Be that as it may, it seems to me that the obvious problem is that I don't have a subwoofer on my playback system. But I'm a bit puzzled as to why I would hear MORE bass rather than LESS. I would expect the opposite. But I'm not an expert on acoustics, by any means, so I really don't know. I think I can safely assume that the people who listen to the CD demos I am making are probably going to be listening to them on much less sophisticated systems than my DAW. Propsective singers, producers, etc. may be listening in their offices, in their cars, or on portable CD players, which I am sure will roll off the bass a lot. So I've been testing my mixes on my car stereo. There it sounds like the bass is barely enough. Just about right most of the time, but probably needing a little punching up in some places. But, having played back the same test mix on my AV system and hearing way more bass than anywhere else, I'm beginning to wonder which version to trust.

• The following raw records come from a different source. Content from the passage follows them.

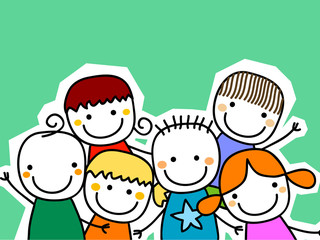 group of kids card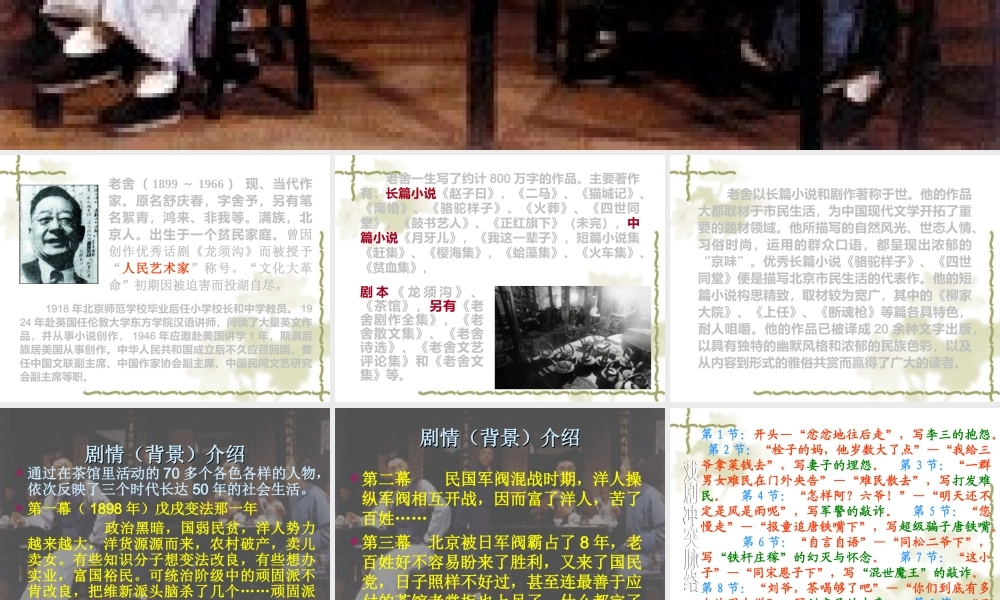 高二语文 茶馆 课件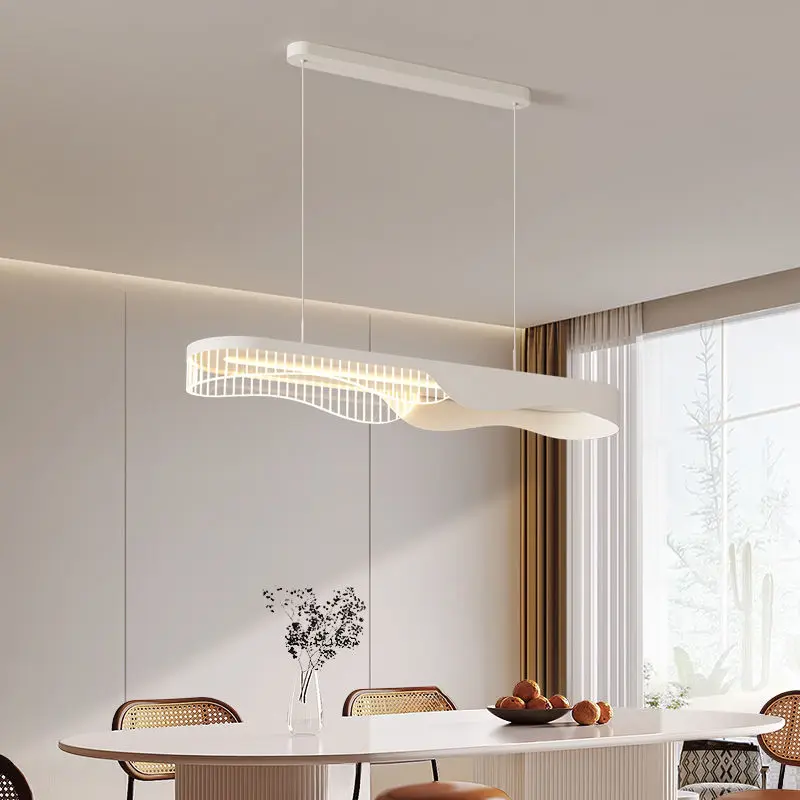 

Modern Minimalist Long Pendant Light Used in Kitchens and Restaurants Living Room Chandelier Indoor Lighting Hanging Fixture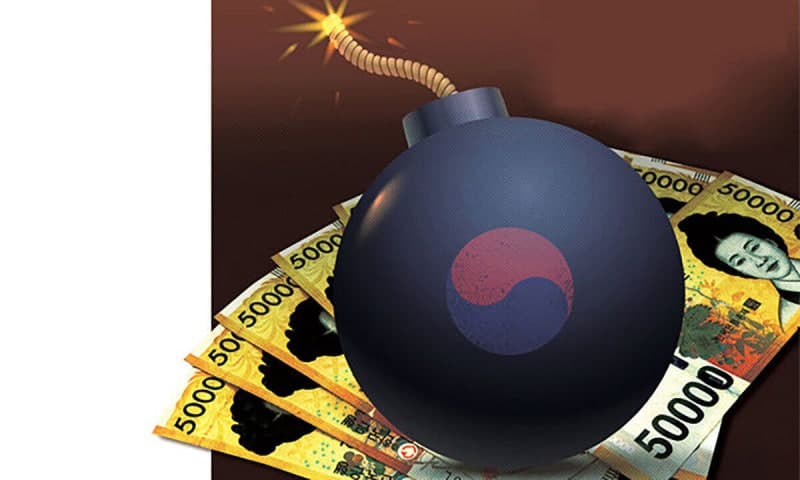 나랏빚 1300조 돌파, 2년 연속 100조대 적자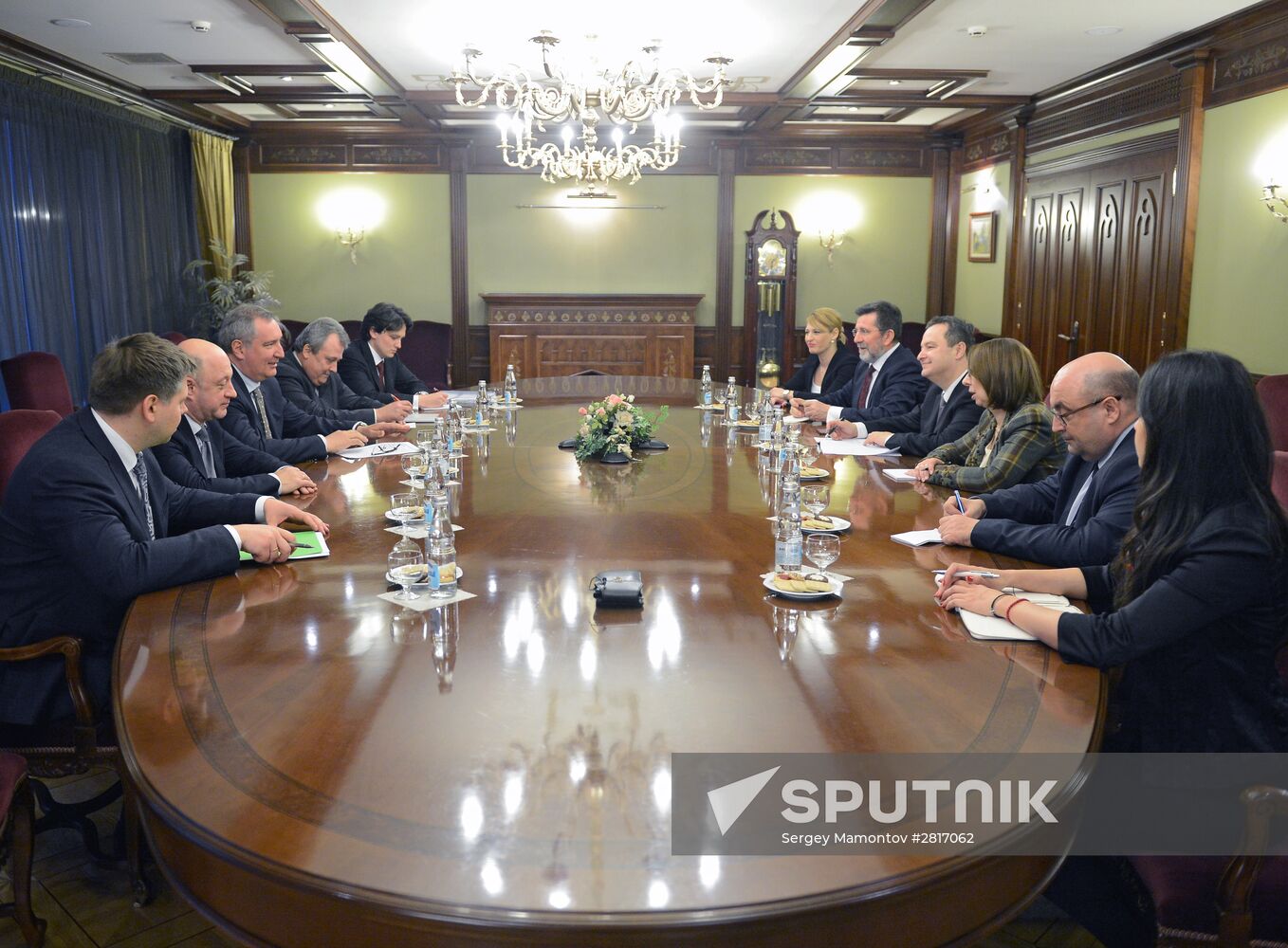 Deputy Prime Minister Rogozin meets with Ivica Dačić, First Deputy Prime Minister of Serbia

So I guess what I really want to know is if my subwoofer is doing its job. If I turn the speaker volumes to zero, it cuts off all sound to the subwoofer. How do I test it to see if sound is actually coming out of it? Assuming it is, how do I know if it's the right level? Should I just disconnect it and try to mix without it?
As a side note, getting back to the Beatles book I mentioned earlier, there was an incident when they were mixing one of the singles and one of the Beatles was arguing with an engineer about whether the mix would be all right outside of the studio. The tech guy went to his car, got out a cheap, portable record player and played the test pressing on it, to prove that it was okay. But, if you read the book closely, you'll see that what they were doing most of the time is compressing, compressing, compressing -- squashing everything into the middle range. I think this was okay for the style at the time, and because that's what people are used to listening to. But I wonder about audiences today. Aren't we all used to a wider dynamic range and sounds that flirt with the upper and lower extremes of our hearing range now and then?
holderofthehorns
10-30-2008, 10:33 PM
Ethan Winer specializes in the bass reproduction area.
He has a lot of education available on his website here:
http://www.realtraps.com/
and a bass test cd here:
http://www.realtraps.com/test-cd.htm
Whether you buy his products or not, his tutorial videos are invaluable to anyone who records and mixes.
Let me encourage you to watch his videos and then run the test cd on your room. You will probably be astonished at the results. Certainly, you will be able to calculate, not guess, better bass response in your mixes.
On a side note, Ethan is a very accomplished Cellist.
The first time I appeared on Saturday Night Live, Neil Young was the musical guest. He refused to rehearse. Wouldn't even do a sound check. Everybody at the network hated him. The first time they heard his set is when he did it live, on the air. He ran over time and they had to bump the last sketch. They got even, though. When they edited the show for re-runs and syndication, they cut Young and put the sketch back in - so he doesn't get any resdiduals from it.
Haydn
10-31-2008, 05:38 PM
If you liked Mark Lewisohn's book on the Beatles, then you need to pickup Geoff Emericks book - Here, There and Everywhere. His book goes a little more behind the scenes on what happened in the sessions he engineered.